# Task goal
Once you find the line with "Кнопка пластиковая с" in the entries below, return exactly every line from it through the line with "10.0.5 Fury |".
################
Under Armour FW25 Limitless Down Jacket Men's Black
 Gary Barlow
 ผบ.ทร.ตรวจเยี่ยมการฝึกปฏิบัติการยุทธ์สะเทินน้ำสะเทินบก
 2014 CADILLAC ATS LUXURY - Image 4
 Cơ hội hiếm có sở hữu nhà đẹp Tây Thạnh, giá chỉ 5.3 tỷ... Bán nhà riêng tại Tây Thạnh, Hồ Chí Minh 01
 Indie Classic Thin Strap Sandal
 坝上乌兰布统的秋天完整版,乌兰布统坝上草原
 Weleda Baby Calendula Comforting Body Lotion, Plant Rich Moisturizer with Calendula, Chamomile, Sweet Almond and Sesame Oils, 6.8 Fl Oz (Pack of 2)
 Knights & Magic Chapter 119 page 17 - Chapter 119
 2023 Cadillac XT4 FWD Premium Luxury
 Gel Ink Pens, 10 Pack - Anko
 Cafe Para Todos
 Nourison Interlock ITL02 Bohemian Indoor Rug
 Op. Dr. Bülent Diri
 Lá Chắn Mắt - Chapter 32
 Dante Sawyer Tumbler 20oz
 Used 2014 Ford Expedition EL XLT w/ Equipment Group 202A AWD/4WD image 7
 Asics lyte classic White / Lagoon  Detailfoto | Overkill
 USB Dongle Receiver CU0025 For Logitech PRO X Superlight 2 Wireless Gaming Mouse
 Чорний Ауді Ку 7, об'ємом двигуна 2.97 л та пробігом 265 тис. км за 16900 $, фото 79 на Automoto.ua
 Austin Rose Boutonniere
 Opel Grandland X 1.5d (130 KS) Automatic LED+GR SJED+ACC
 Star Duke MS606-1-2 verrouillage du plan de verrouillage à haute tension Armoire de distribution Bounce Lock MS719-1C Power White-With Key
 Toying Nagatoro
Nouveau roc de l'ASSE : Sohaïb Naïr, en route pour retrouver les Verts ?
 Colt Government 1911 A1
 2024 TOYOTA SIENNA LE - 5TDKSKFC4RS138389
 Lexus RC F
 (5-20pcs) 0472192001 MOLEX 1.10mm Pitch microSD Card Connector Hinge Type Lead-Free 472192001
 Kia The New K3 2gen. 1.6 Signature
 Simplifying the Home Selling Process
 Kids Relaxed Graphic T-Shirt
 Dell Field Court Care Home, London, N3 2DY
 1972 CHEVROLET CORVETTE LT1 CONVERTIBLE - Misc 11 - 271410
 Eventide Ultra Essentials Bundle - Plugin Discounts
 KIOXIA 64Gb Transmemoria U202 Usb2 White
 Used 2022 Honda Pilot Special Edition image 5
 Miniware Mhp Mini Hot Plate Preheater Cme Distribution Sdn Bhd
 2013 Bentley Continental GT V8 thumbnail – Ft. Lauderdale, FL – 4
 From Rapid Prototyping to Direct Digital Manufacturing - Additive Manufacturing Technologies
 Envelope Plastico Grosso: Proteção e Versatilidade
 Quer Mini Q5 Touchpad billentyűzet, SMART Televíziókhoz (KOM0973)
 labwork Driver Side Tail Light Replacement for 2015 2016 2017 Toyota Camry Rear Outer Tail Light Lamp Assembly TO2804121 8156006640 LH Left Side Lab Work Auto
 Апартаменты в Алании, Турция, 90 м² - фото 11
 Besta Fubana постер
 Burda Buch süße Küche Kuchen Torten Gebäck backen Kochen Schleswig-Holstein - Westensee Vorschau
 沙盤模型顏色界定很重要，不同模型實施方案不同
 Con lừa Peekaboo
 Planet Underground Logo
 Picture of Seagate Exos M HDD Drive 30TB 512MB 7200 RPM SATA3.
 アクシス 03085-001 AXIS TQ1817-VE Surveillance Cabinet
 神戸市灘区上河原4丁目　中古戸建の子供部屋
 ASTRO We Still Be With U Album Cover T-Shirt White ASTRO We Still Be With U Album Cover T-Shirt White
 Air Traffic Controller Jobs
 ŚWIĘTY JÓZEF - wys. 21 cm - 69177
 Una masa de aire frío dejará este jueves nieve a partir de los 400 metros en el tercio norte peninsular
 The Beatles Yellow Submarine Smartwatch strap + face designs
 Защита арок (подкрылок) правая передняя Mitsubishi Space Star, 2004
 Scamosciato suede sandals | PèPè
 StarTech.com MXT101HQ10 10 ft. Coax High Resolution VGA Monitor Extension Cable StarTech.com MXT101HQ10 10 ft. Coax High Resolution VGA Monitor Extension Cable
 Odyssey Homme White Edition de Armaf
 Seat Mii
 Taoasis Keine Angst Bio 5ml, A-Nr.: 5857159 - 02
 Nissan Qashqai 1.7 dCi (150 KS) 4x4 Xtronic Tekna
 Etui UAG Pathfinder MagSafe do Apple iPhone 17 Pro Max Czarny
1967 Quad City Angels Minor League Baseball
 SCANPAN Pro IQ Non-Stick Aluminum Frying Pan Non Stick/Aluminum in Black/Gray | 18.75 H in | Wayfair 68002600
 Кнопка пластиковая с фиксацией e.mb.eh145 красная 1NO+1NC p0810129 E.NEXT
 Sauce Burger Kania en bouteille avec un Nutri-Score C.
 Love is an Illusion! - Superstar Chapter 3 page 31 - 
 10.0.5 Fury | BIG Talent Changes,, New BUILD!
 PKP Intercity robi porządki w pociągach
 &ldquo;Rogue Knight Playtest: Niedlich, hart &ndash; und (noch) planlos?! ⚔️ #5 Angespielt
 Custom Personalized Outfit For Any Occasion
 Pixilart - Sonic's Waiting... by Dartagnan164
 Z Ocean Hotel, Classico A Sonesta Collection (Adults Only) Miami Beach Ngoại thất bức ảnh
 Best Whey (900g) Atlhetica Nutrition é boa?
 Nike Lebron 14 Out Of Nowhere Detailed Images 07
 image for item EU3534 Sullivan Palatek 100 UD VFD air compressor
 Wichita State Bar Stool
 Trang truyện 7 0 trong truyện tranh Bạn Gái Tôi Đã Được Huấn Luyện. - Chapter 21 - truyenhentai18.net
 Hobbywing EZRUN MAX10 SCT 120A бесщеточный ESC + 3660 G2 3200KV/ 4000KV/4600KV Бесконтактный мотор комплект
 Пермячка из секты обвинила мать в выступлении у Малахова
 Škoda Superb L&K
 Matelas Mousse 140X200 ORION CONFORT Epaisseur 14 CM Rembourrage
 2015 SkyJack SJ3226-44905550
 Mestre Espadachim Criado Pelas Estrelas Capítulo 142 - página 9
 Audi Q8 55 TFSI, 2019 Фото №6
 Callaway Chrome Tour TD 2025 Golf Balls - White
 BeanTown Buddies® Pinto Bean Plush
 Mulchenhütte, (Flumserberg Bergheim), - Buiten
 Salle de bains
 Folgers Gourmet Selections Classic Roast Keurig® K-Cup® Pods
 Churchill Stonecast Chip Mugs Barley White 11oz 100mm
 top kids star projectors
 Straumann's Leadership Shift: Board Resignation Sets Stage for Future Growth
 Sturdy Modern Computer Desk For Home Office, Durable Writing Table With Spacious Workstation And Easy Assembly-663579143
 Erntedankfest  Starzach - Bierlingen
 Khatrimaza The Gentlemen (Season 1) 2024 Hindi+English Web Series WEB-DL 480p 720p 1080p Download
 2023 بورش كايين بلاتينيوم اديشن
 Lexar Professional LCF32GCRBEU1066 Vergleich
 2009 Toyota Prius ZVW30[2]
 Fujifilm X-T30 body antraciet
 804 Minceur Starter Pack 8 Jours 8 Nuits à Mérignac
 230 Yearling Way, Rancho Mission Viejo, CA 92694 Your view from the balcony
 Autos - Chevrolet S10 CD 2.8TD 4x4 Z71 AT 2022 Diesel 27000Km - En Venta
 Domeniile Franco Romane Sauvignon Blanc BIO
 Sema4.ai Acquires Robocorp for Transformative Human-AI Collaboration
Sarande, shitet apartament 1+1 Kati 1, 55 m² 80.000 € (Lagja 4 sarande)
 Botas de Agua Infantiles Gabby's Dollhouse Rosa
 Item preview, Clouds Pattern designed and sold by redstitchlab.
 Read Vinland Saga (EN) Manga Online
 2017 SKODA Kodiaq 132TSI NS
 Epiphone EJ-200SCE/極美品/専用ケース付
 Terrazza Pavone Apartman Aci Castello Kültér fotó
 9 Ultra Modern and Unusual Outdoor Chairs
################
# Exercise solution
 Кнопка пластиковая с фиксацией e.mb.eh145 красная 1NO+1NC p0810129 E.NEXT
 Sauce Burger Kania en bouteille avec un Nutri-Score C.
 Love is an Illusion! - Superstar Chapter 3 page 31 - 
 10.0.5 Fury | BIG Talent Changes,, New BUILD!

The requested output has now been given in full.